Timeline of the Newsboy’s Strike

Newsboy and Pape

In Calling Extra, Elsie’s personal stories, as well as her adventures with Grin, are interwoven into the real timeline of the 1899 newsboy strike. Below are a list of dates and events from the strike gathered together from the newspaper articles of that time. These references include the New York Times, the New York Tribune, the New York Sun, and the Brooklyn Eagle.

  • July 18: Long Island City newsboys feel they are being cheated and riot, kicking off news of a strike.
  • July 19: Manhattan newsboys gather in City Hall Park to meet about the possibility of a strike.
  • July 20: The Manhattan newsboys officially go on strike.
  • July 21: Striking newsboys attack delivery wagons and scabs selling the boycotted papers.
  • July 22: Newsboys are arrested for disturbances throughout the day. There’s a demonstration outside the New York World office and four boys meet with William Randolph Hearst.
  • July 23: Various arrested newsboys are arraigned. Meanwhile, the strike committee makes plans for their mass meeting. There are no fights or disturbances since it’s a Sunday and no evening papers are sold on Sundays.
  • July 24: Violent attacks occur during the day. The newsboys hold a mass meeting at New Irving Hall in the evening.
  • July 25: Newsboys lay low with fewer fights due to the rambunctious meeting at Irving Hall the night before.
  • July 26: Newsboys meet in a saloon in Park Row to talk about allegations of Dave Simmons and Louis “Kid Blink” Baletti betraying the union. Later that day, Dave demotes himself as president of the Newsboys’ Union.
  • July 27: The boys’ planned parade is broken up by police because there is no permit. The boys discover Kid Blink in a fancy suit and attack him. Police end up arresting Kid Blink thinking he is part of the attack, not the victim.
  • July 30: The Newsboys’ Union elects new officers. This time they select an adult, James G. Neill, as president. Three boys are arrested for blackmail.
  • July 31: The boys arrested for blackmail are arraigned in court. Kid Blink aids the police. The West Side Newsdealers’ Association declares the strike “a failure.”
  • August 2: Hearst and Pulitzer put forth a resolution of 100% return rights to keep the price at six cents a ten, which is then accepted by newsboys. The strike is over, with the newsboys considering it a success.

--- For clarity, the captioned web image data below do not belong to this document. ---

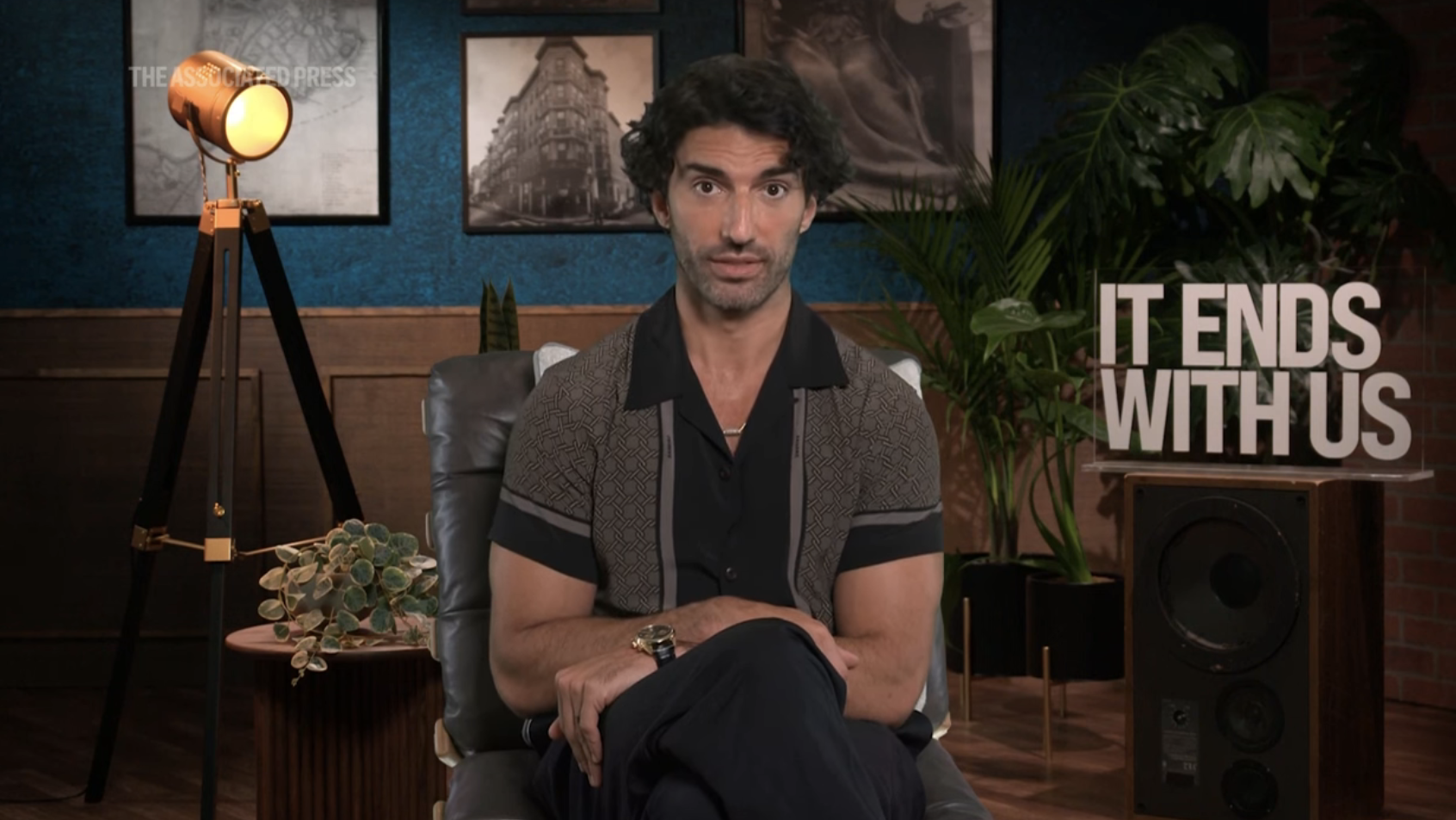 Justin Baldoni sitting in a chair, discussing the title "It Ends With Us," with studio decor in the background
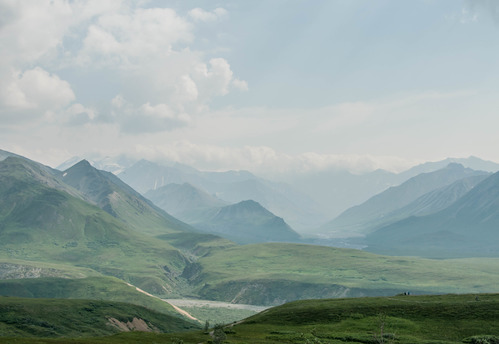 mountainous landscape filled with low smokey haze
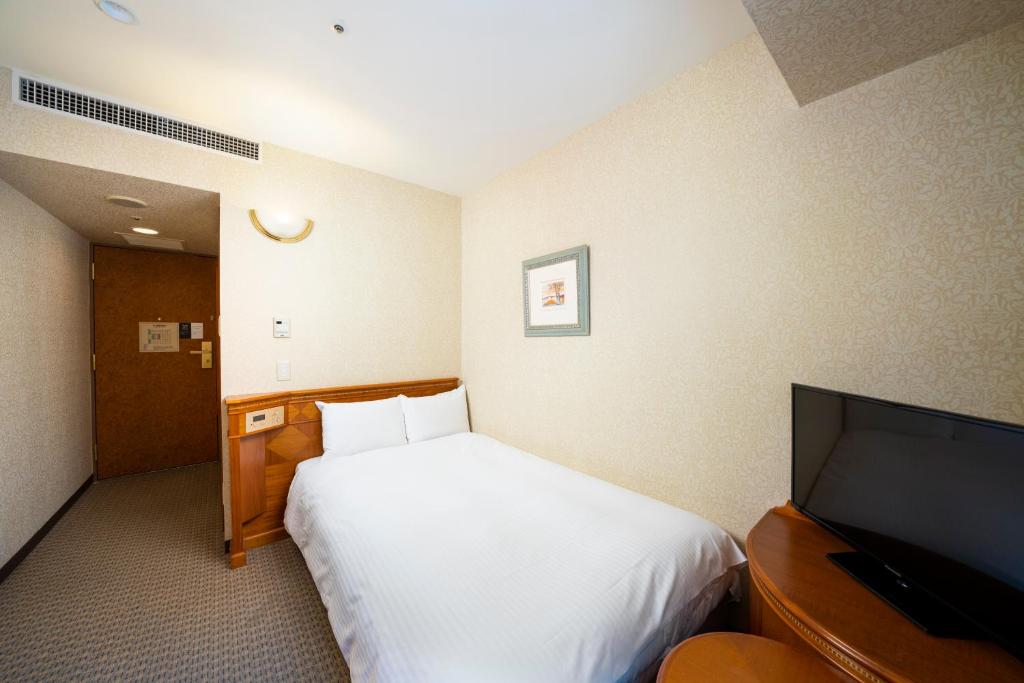 a hotel room with a bed and a flat screen tv at KOKO Hotel Nagoya Sakae in Nagoya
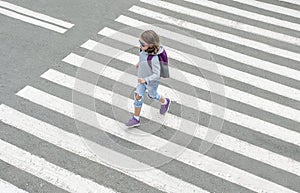 Schoolgirl crossing road on way to school. Zebra traffic walk way in the city. Concept pedestrians passing a crosswalk. Stylish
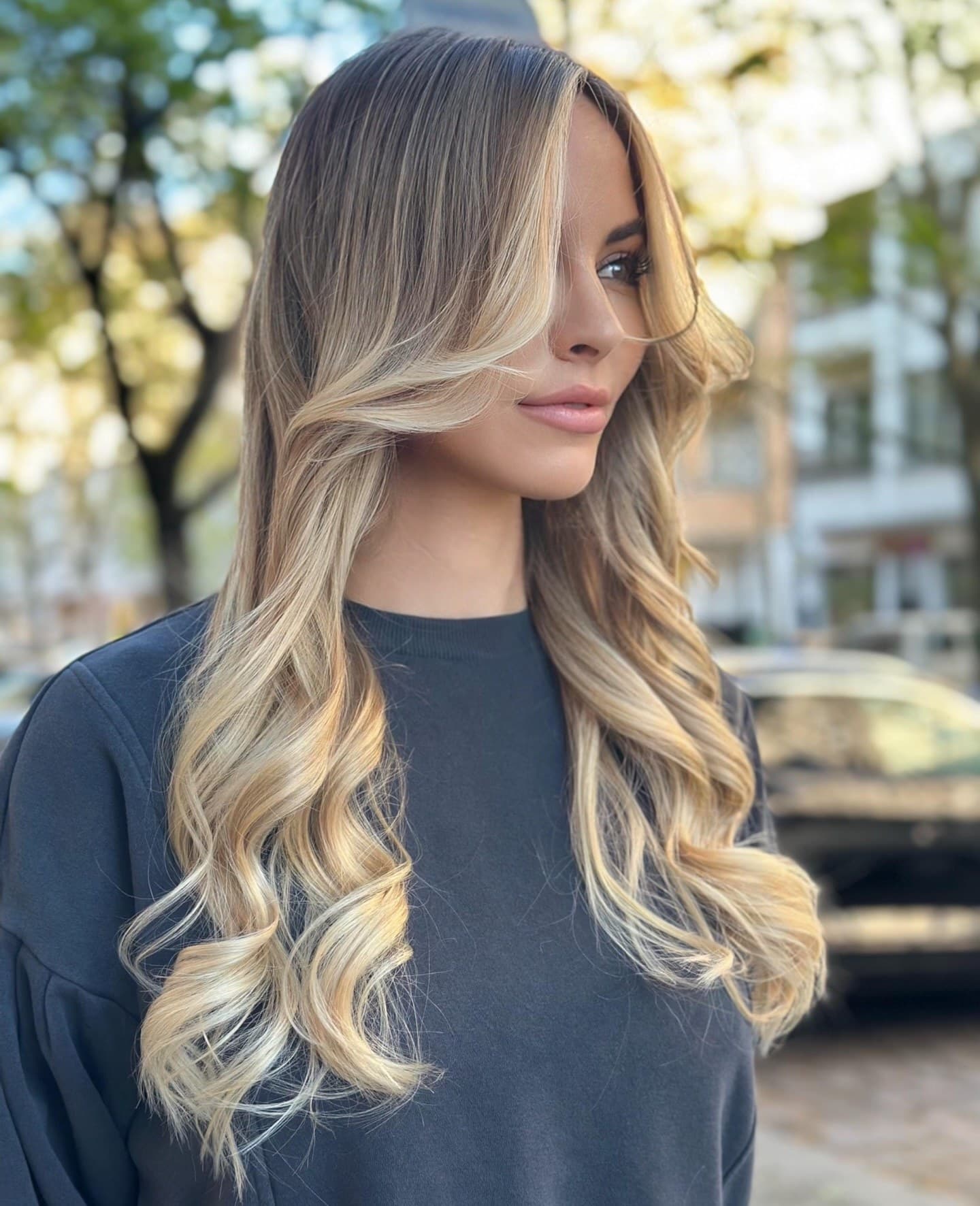 Lange blonde Balayage-Wellen, Porträt im Freien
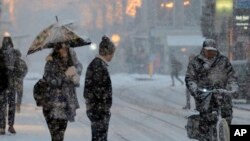 FILE - Two pedestrians wait for a bicycle to pass before crossing a snow-covered shopping street in Amsterdam, Netherlands, Monday, Dec. 11, 2017.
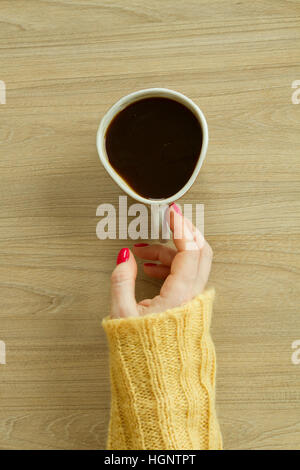 Donna con mano manicure rosso sta per prendere una tazza di caffè Foto Stock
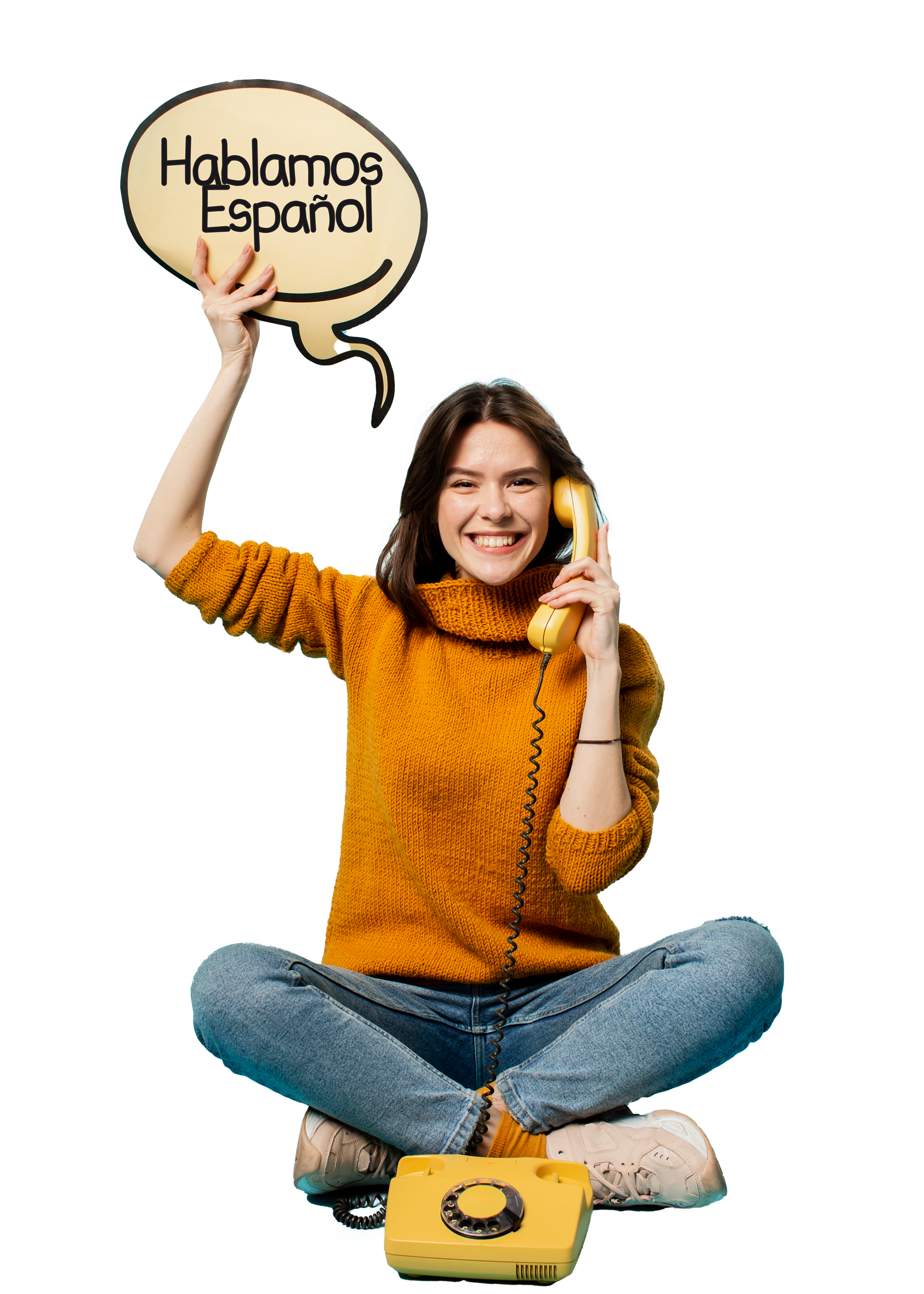 A woman is sitting on the floor talking on a yellow telephone.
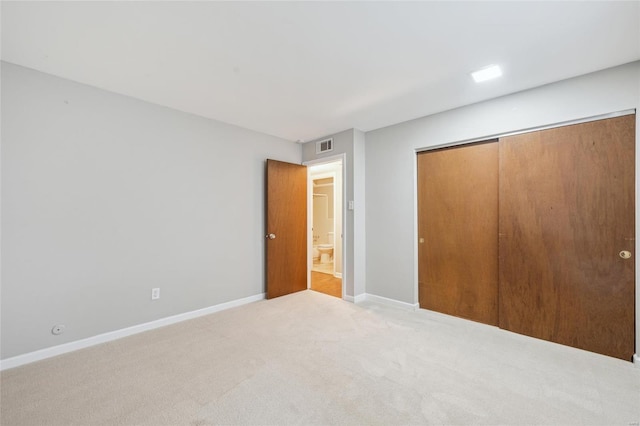 unfurnished bedroom with light colored carpet and a closet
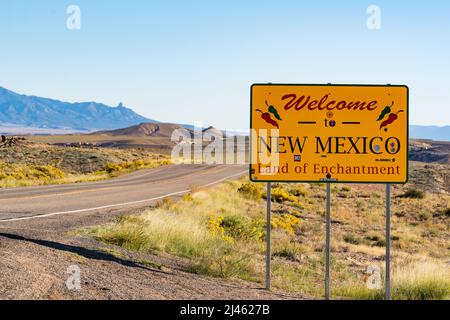 Teec Nos Pos, AZ - October 10,2021:  Welcome to New Mexico sign along the road at the state border in Teec Nos Pos, Arizona Stock Photo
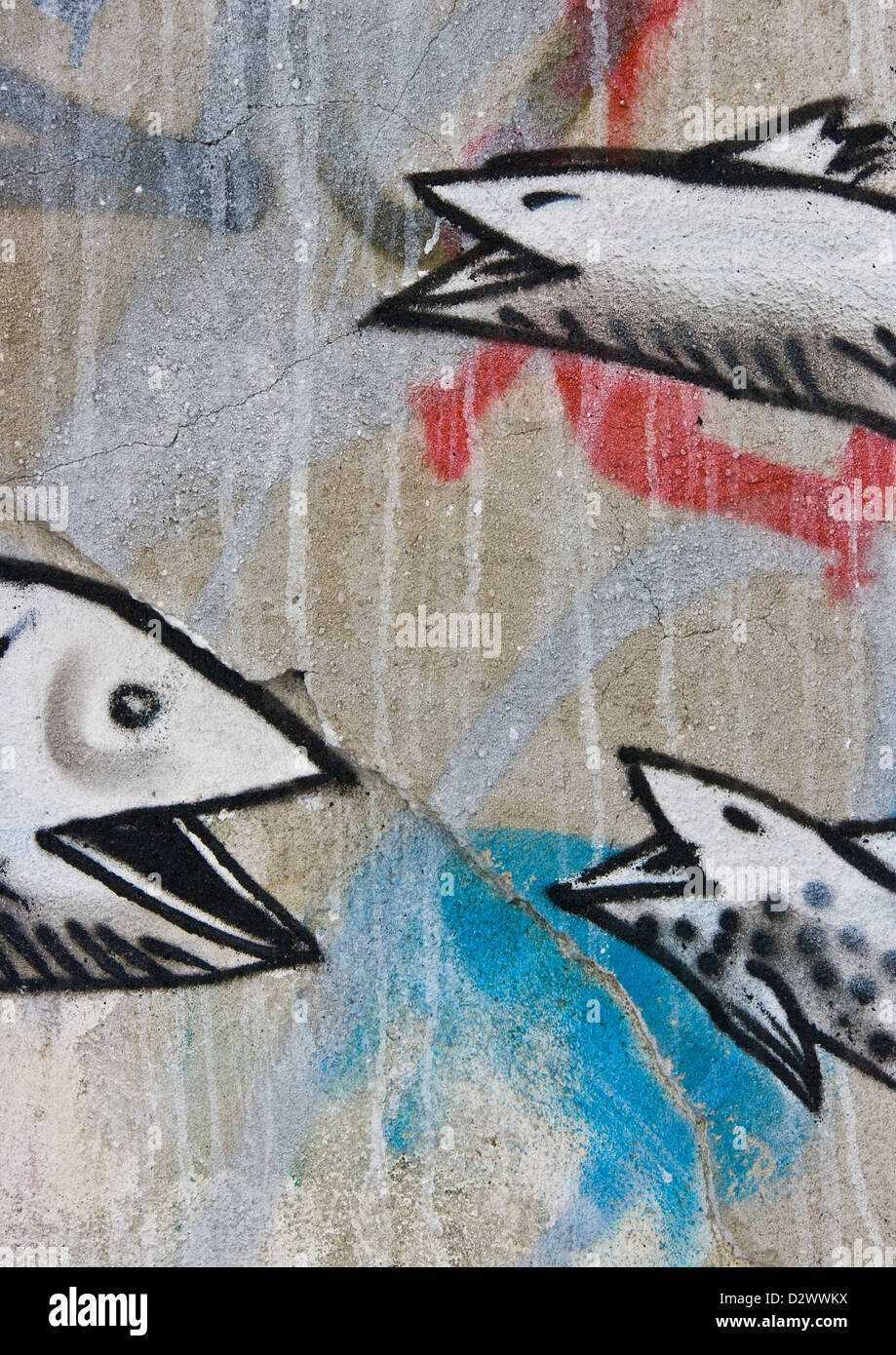 Street art graffiti urbain de trois poissons rire sur mur de béton fissurée texture est de Londres Angleterre Europe Banque D'Images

The newsboy strike began on July 20, 1899, and lasted until August 2, when William Randolph Hearst of the New York World and Joseph Pulitzer of the New York Journal compromised with the newsboys, giving them “return rights,” that is, allowing them to sell back their papers at a 100% refund.

The names of all the newsboys mentioned in this book were recorded in New York’s other newspapers in 1899: the New York Tribune, the New York Sun, the New York Times, and the Brooklyn Eagle, who were more than happy to write about the circulation loss suffered by their rivals. These papers give a colorful portrayal of the newsboys and their fight. In the book I have given a fictional portrayal of real events, such as the meeting at Irving Hall, the fights and arrests of the boys who “soaked” scabs, and the alleged betrayal carried out by Kid Blink and Dave Simmons.

Although Elsie is fictional, she is based on many young immigrant women who existed in New York at the time. Isabelle Thornton is also based on real women at the turn of the century who became the first female lawyers of their day, and subsequently, the driving force behind the suffrage movement that led to the 19th Amendment: women’s right to vote.